- **Directions for this task**:
Please restate, exactly as written, the lines running from the beginning of the material through the line that has "May include: A" in it.

- **Data supplied**:

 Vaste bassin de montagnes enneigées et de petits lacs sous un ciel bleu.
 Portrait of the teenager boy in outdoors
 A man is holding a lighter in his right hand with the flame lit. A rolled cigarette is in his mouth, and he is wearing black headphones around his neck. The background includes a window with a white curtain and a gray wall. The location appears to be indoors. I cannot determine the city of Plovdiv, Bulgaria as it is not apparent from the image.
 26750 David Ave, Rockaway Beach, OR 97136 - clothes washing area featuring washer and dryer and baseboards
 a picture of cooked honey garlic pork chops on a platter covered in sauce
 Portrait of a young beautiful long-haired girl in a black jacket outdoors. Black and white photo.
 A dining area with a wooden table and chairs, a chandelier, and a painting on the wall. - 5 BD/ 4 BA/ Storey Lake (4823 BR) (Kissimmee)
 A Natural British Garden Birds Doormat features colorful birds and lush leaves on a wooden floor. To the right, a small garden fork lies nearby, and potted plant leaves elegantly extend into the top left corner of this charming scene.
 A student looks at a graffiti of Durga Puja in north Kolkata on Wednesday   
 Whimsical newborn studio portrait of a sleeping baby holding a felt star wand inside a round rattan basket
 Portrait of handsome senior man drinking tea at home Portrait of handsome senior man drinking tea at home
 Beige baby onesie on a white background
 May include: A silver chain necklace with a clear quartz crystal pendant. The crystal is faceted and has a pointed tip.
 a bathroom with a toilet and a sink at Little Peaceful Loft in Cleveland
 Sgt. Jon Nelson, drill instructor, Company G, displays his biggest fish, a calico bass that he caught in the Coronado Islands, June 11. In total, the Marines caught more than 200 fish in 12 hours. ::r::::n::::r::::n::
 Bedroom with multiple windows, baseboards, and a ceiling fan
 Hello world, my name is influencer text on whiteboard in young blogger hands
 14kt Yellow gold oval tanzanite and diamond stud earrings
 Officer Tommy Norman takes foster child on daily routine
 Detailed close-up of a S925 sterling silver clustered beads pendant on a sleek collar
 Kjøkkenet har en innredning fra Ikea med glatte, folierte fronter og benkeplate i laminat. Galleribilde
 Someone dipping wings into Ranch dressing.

- **Solution to the problem**:
 Vaste bassin de montagnes enneigées et de petits lacs sous un ciel bleu.
 Portrait of the teenager boy in outdoors
 A man is holding a lighter in his right hand with the flame lit. A rolled cigarette is in his mouth, and he is wearing black headphones around his neck. The background includes a window with a white curtain and a gray wall. The location appears to be indoors. I cannot determine the city of Plovdiv, Bulgaria as it is not apparent from the image.
 26750 David Ave, Rockaway Beach, OR 97136 - clothes washing area featuring washer and dryer and baseboards
 a picture of cooked honey garlic pork chops on a platter covered in sauce
 Portrait of a young beautiful long-haired girl in a black jacket outdoors. Black and white photo.
 A dining area with a wooden table and chairs, a chandelier, and a painting on the wall. - 5 BD/ 4 BA/ Storey Lake (4823 BR) (Kissimmee)
 A Natural British Garden Birds Doormat features colorful birds and lush leaves on a wooden floor. To the right, a small garden fork lies nearby, and potted plant leaves elegantly extend into the top left corner of this charming scene.
 A student looks at a graffiti of Durga Puja in north Kolkata on Wednesday   
 Whimsical newborn studio portrait of a sleeping baby holding a felt star wand inside a round rattan basket
 Portrait of handsome senior man drinking tea at home Portrait of handsome senior man drinking tea at home
 Beige baby onesie on a white background
 May include: A silver chain necklace with a clear quartz crystal pendant. The crystal is faceted and has a pointed tip.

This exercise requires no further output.